Glenn Miller clue found in Reading plane-spotter's log
The fact that he mysteriously disappeared in 1944 - in an aeroplane no less, another interest of mine - simply added to the legend. That his "sound" has endured to this day, and has become synonymous with World War Two (despite Miller's success predating the war by a few years) is a testament to the unique, instantly recognisable quality of the songs. The Glenn Miller Orchestra still records and tours today and books, musicals and documentaries about Miller's career continue to be made.

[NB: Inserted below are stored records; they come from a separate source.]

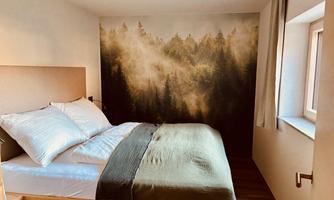 A cozy bedroom with a large bed and soft pillows. The wall is decorated with a natural motif of a forest landscape. View of the surrounding mountainous scenery.
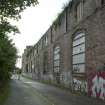 General view of graffiti wall on southside of Dunnikeir works from east.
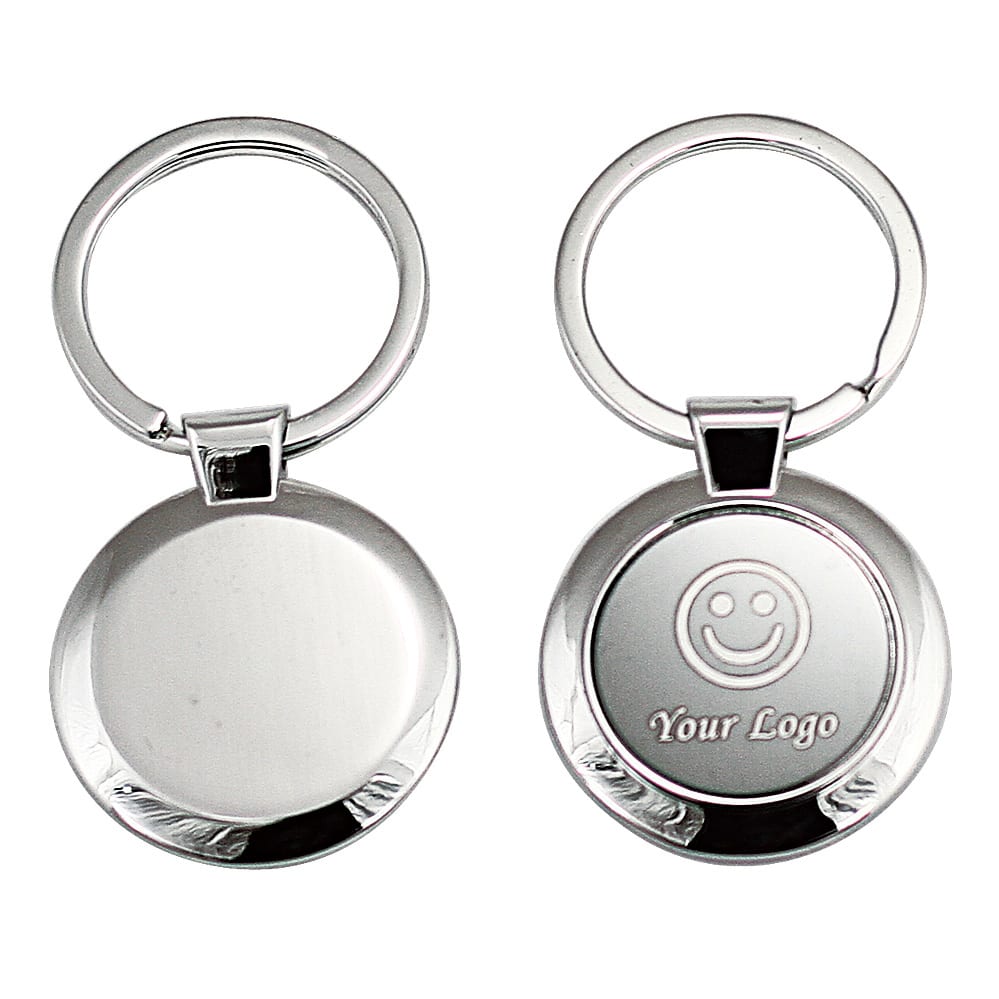 A keyring featuring a circular metal design with a shiny silver finish and a space for custom branding. Carlson keyring - Image 1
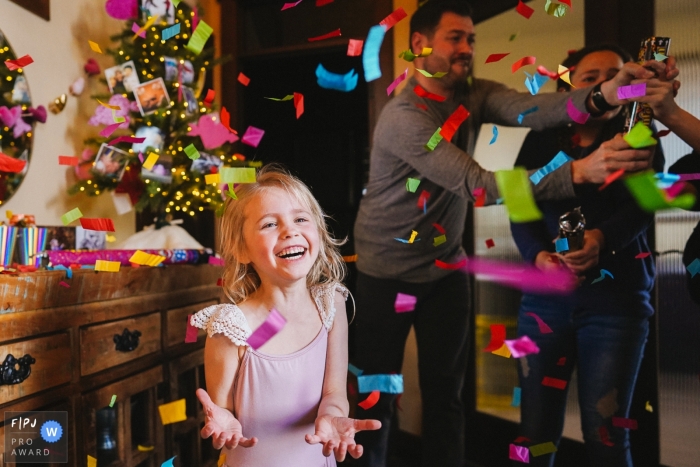 A little girl smiles as confetti falls around her in this photo by a Seattle, WA award-winning family photographer.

The mystery of his disappearance over the English Channel on the 15th December 1944, in a flight from Bedford in England to Paris where he was due to join his band for a performance, has continued to puzzle Miller enthusiasts for nearly 70 years. There have been various crackpot theories that I won't endorse with publication here, but a few years ago the account of an RAF navigator came to light that until now was widely accepted to be most likely - Miller's aircraft had strayed into the South Jettison Area, an agreed-upon place in the Channel where Allied bombers returning from abortive raids could unload their bombs safely, and had been struck by bombs jettisoned by a flight of Lancasters on their way back from Siegen in Germany.
Glenn Miller death: teenage planespotter's logbook 'scotches conspiracy theory'
|A Noorduyn UC-64 Norseman, of the type in which Glenn Miller disappeared|
The last British government documents relating to such incidents during Second World War won't be declassified until 2025, eighty years after the end of the conflict. There may be something in them that will shed some light on this enduring mystery but until then this particular enigma looks to remain unanswered.